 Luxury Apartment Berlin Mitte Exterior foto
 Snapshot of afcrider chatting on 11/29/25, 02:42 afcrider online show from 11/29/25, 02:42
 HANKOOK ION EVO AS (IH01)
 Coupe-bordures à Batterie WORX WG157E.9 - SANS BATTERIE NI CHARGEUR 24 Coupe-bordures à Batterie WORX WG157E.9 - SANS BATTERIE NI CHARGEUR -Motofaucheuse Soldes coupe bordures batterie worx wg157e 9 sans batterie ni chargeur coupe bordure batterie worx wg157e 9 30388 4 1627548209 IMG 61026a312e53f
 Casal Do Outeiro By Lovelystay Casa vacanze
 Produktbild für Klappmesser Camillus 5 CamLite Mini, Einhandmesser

...

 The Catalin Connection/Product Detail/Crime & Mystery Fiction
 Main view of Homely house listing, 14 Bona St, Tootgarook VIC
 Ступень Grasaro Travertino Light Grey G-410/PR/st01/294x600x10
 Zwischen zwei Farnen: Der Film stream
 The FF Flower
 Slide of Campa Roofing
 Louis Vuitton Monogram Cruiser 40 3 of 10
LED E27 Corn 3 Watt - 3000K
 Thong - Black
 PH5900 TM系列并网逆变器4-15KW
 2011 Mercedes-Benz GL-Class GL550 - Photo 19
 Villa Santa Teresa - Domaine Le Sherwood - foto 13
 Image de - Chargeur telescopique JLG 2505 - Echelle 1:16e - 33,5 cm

==

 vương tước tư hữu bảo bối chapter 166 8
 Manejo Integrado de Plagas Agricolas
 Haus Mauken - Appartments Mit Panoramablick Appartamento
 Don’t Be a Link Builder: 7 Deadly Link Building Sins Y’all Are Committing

_WORK INSTRUCTIONS_
Only the lines containing the word "foto" should be returned from the data above.

_TASK RESPONSE_
 Luxury Apartment Berlin Mitte Exterior foto
 Villa Santa Teresa - Domaine Le Sherwood - foto 13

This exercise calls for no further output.